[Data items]
════════════════════

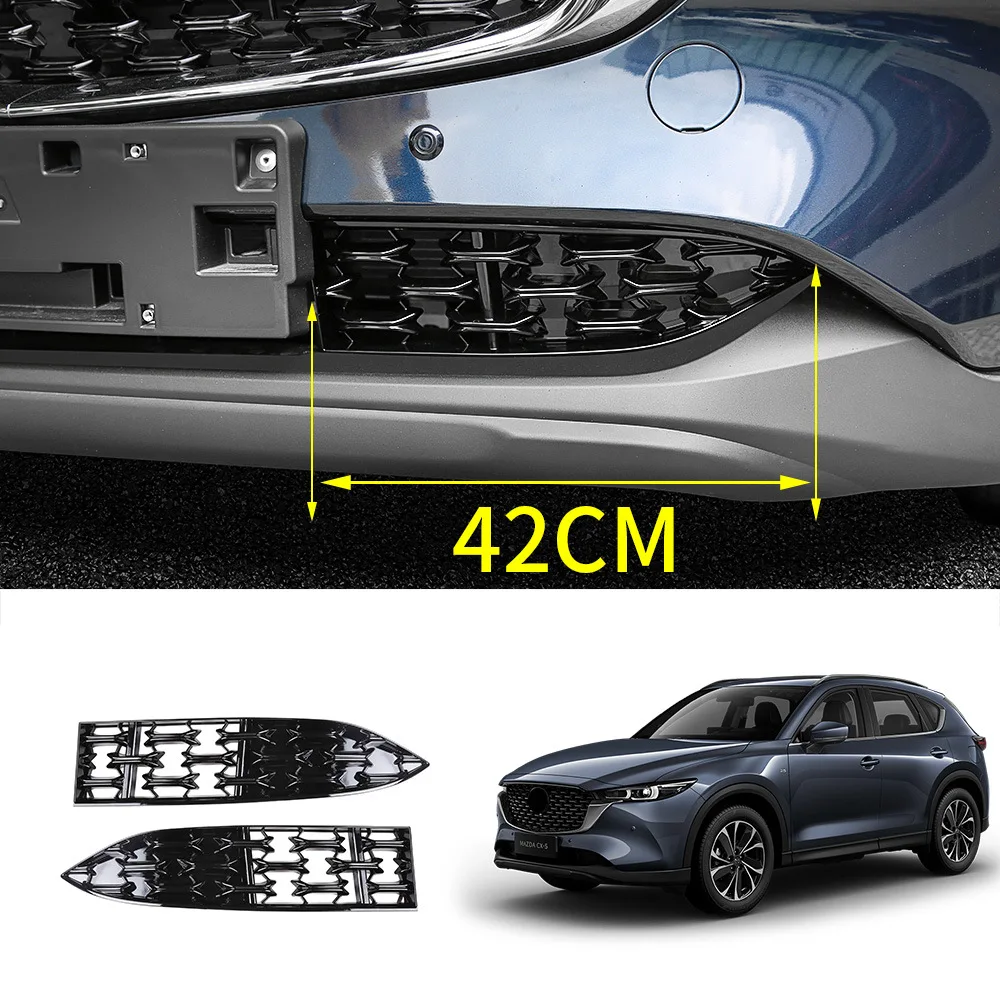 

Car Front Bumper Lower Middle Mesh Grill Cover Trim Sticker Fit for Mazda CX5 /CX-5 2022+ Car Styling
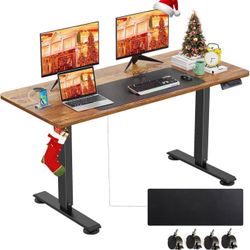 farexon Electric Standing Desk Adjustable Height, 55 x 24 Inch Sit Stand up Desk with Large Mouse Pad, Double Metal Hook,4 Wheels, 4 Memory Preset Hei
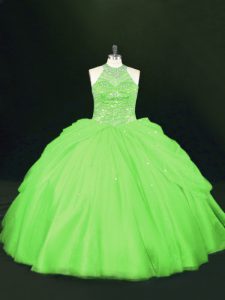 Ball Gowns Beading Sweet 16 Dresses Lace Up Tulle Sleeveless Floor Length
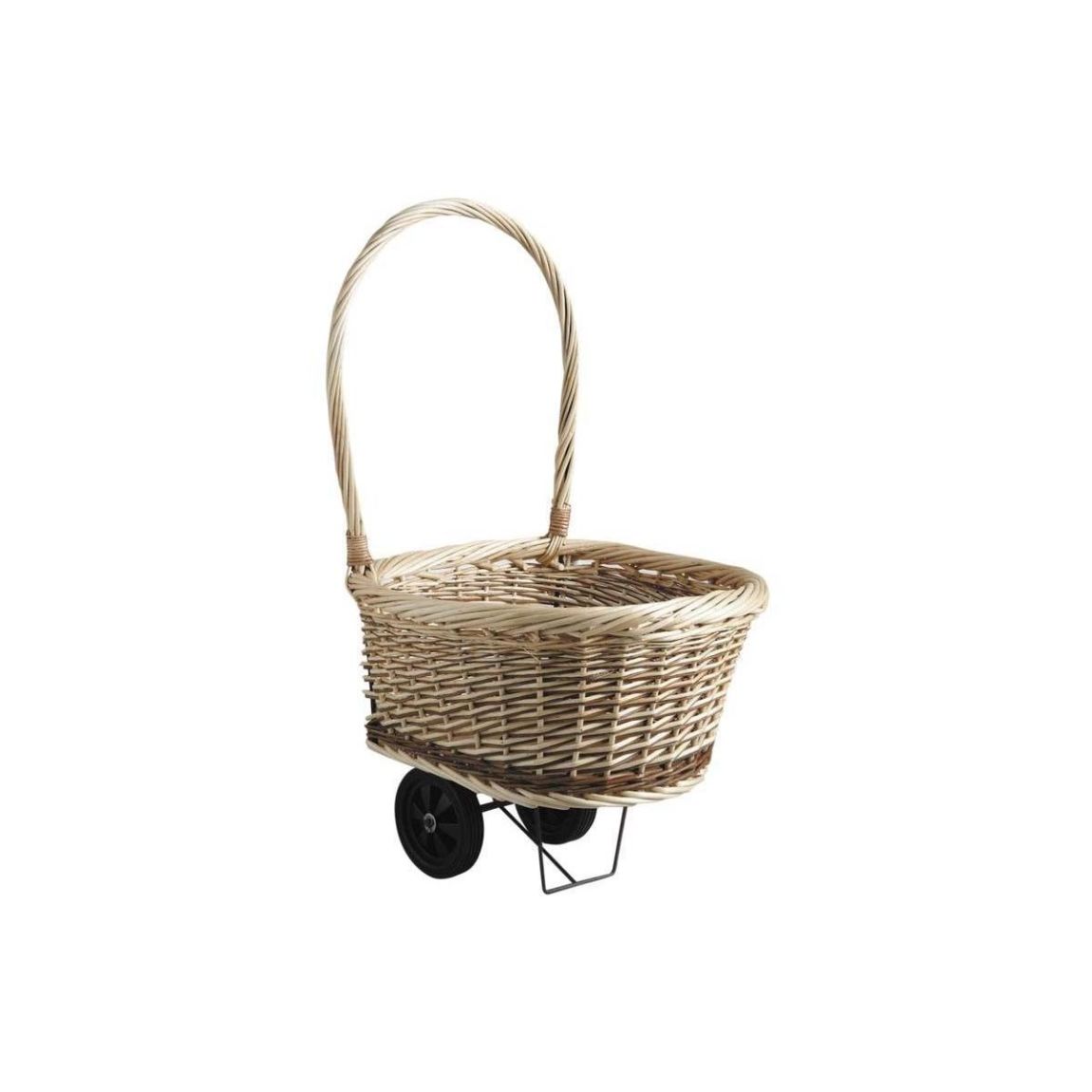 Chariot en osier brut et blanc sur roulettes main product photo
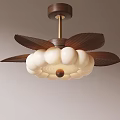 Modern Wooden Leaf Chandelier With White Spherical Shades And Brown Ceiling Base
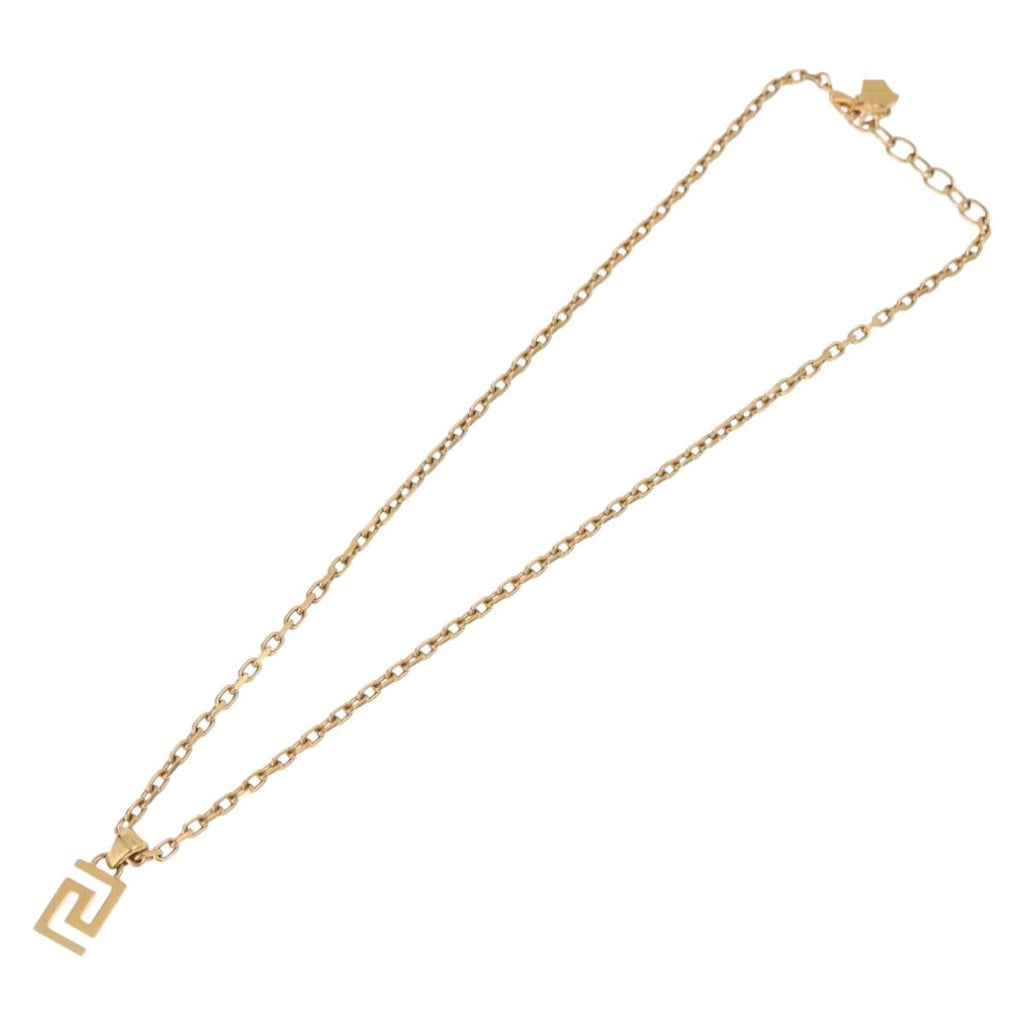 VERSACE Greca Top Necklace Metal Gold Tone Auth SW2537A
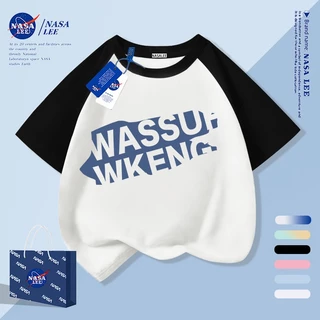 [จัดส่งภายในกรุงเทพวันเดียว] เสื้อยืดเด็กสีกรมท่าผ้าฝ้ายแท้ระบายอากาศบรรยากาศตัวอักษรสีฟ้าการ์ตูนไร้เดียงสาลายน่ารัก3-16ปีหลวมสบายๆสั้น@
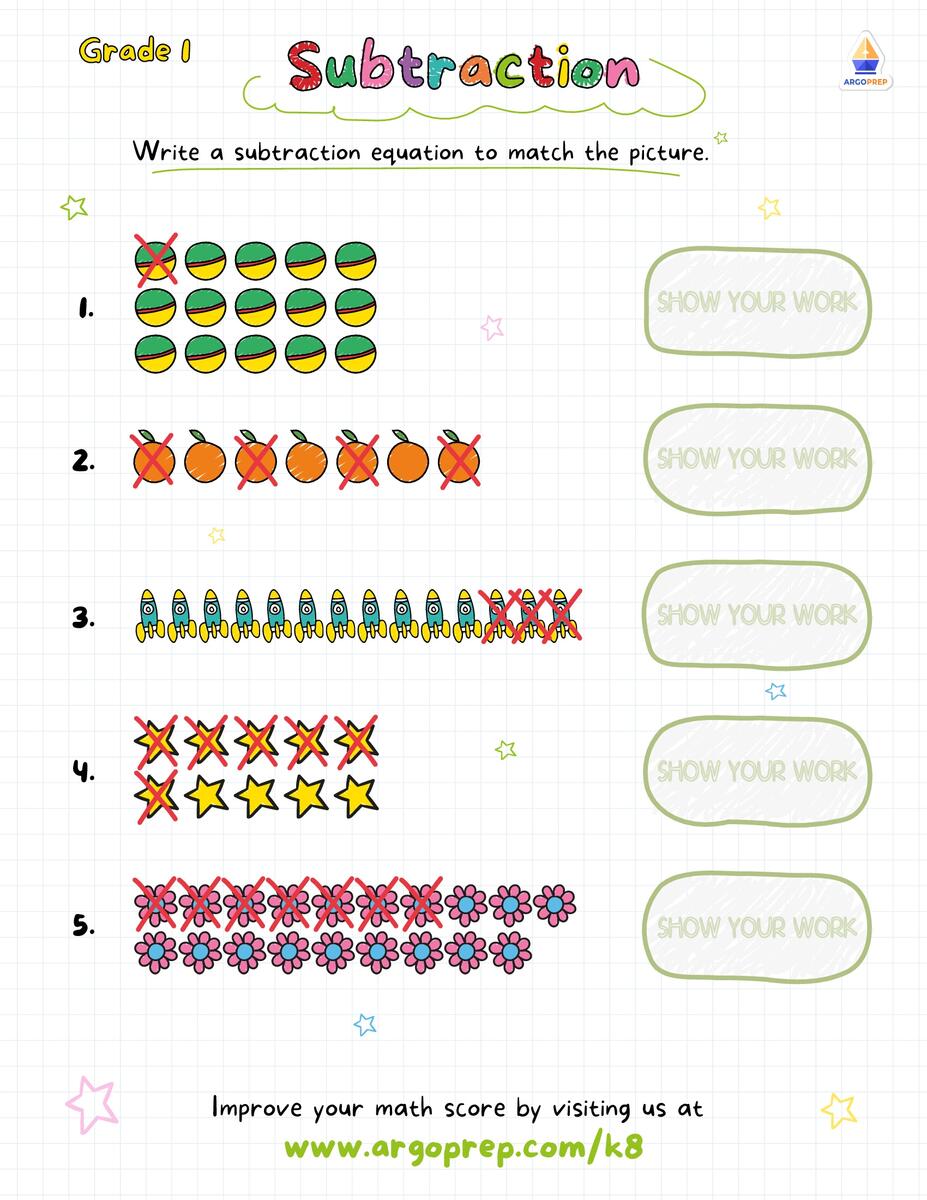 Pictures Objects 0 20 Subtraction 1st Grade Worksheets ArgoPrep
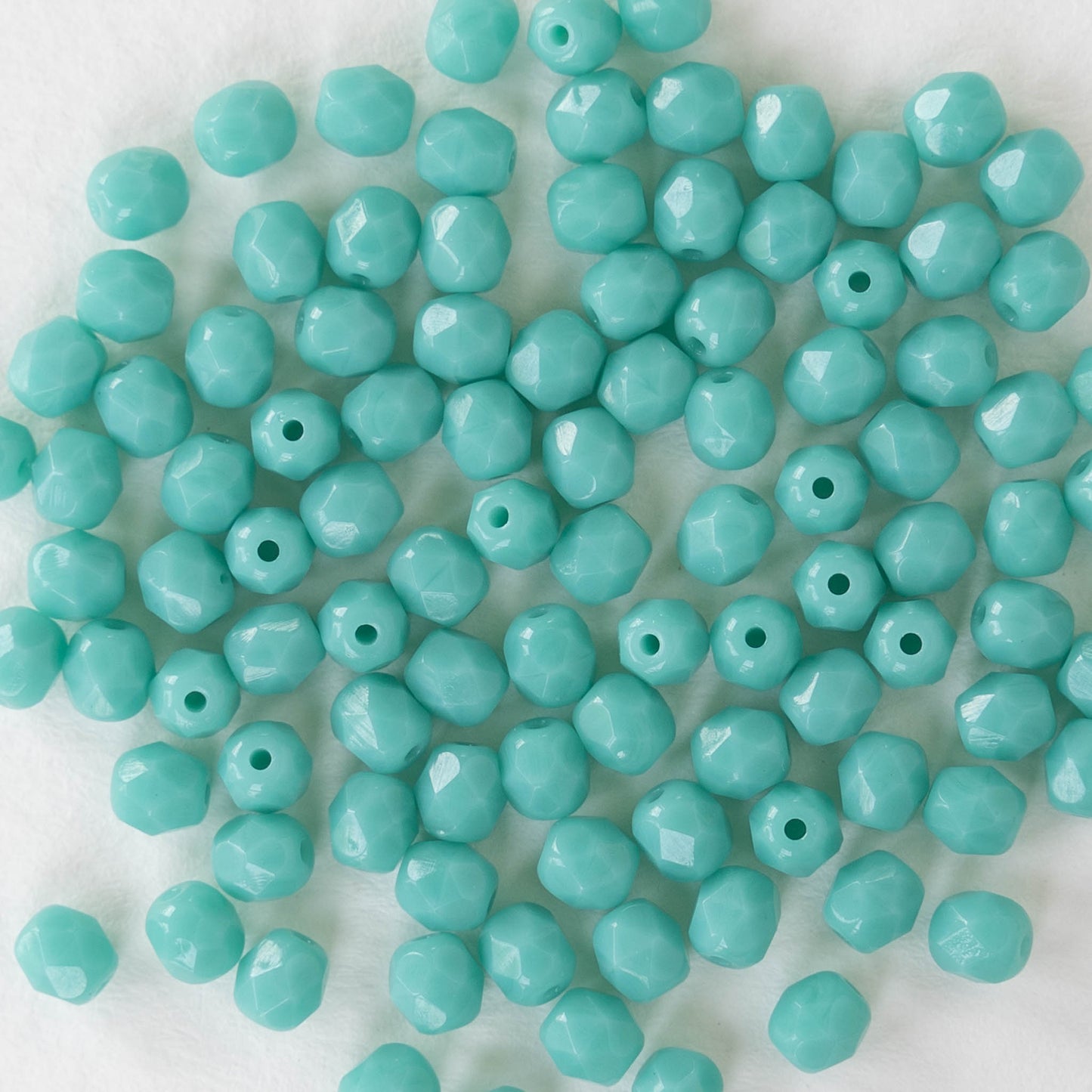 4mm Faceted Round  Beads -  Opaque Turquoise - 50 beads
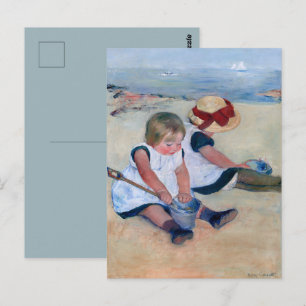 Mary Cassatt Kinder spielen am Strand 1884  Postkarte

════════════════════

→ **EXERCISE AIM**: Each line from the one containing "[จัดส่งภายในกร" through the final line of the data must be reproduced exactly, both ends included, with no pictures in the copy.

→ **YOUR RESPONSE**:
 [จัดส่งภายในกรุงเทพวันเดียว] เสื้อยืดเด็กสีกรมท่าผ้าฝ้ายแท้ระบายอากาศบรรยากาศตัวอักษรสีฟ้าการ์ตูนไร้เดียงสาลายน่ารัก3-16ปีหลวมสบายๆสั้น@
 Pictures Objects 0 20 Subtraction 1st Grade Worksheets ArgoPrep
 4mm Faceted Round  Beads -  Opaque Turquoise - 50 beads
 Mary Cassatt Kinder spielen am Strand 1884  Postkarte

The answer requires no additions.